_Required action_
Please repeat, precisely as written, only the lines from the one containing "Потолочный светильник Aqua-tablet" through the last line of the records below, pictures omitted.

----- Records to use

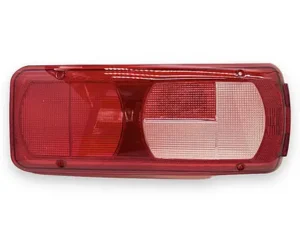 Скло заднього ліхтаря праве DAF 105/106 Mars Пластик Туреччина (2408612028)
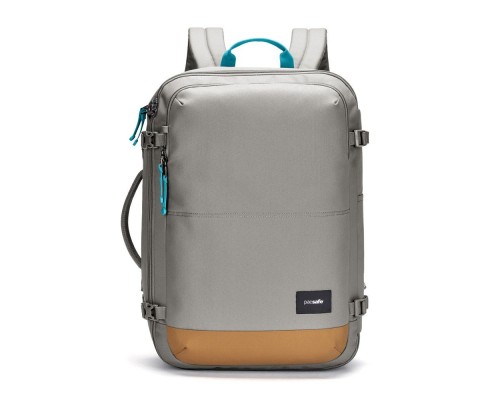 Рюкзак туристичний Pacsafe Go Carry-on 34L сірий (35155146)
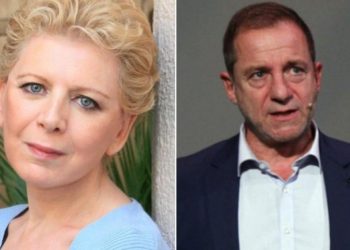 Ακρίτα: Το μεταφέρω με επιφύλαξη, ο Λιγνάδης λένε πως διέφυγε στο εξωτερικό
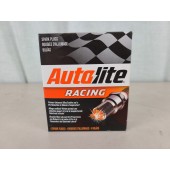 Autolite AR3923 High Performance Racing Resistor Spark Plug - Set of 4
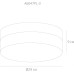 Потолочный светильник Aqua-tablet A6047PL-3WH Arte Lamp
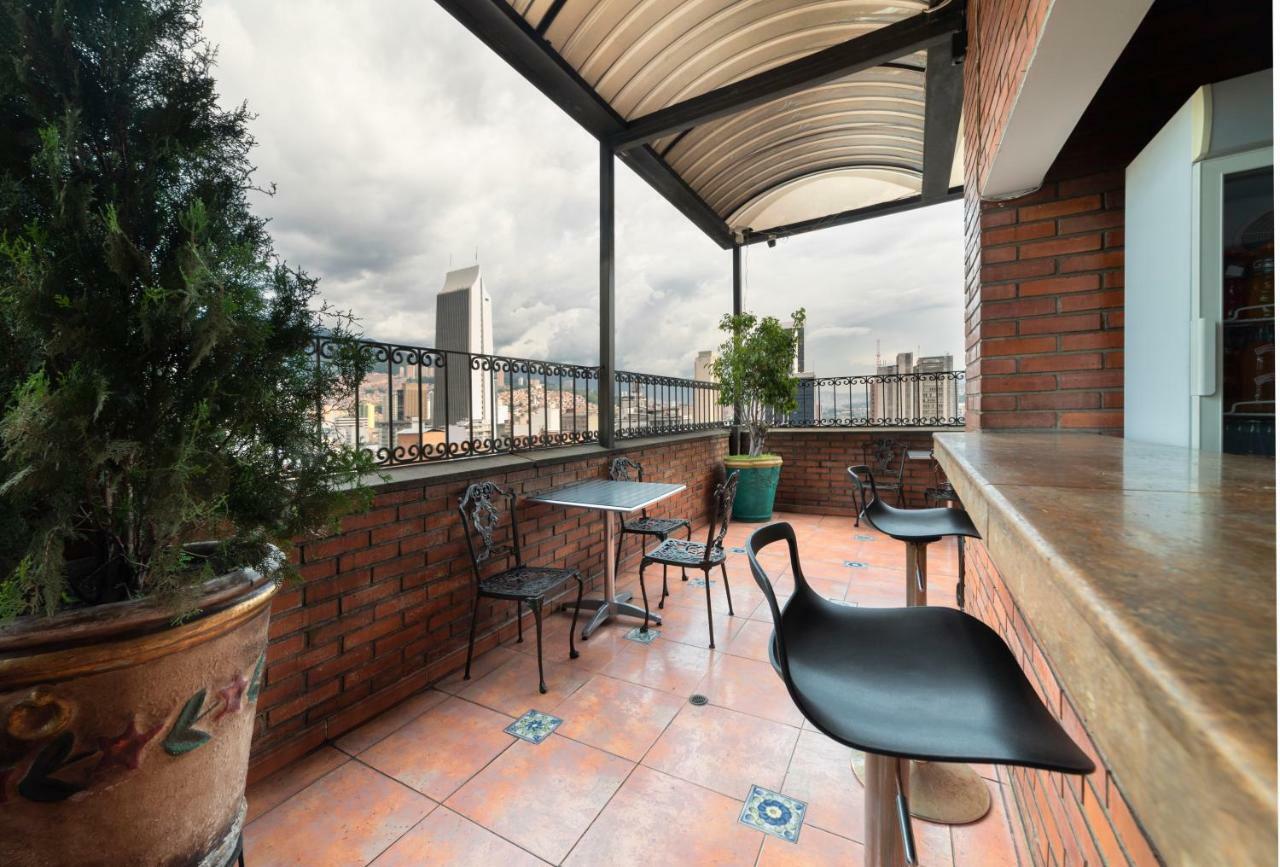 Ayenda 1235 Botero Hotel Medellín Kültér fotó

----------

_Answer to the problem_
 Потолочный светильник Aqua-tablet A6047PL-3WH Arte Lamp
 Ayenda 1235 Botero Hotel Medellín Kültér fotó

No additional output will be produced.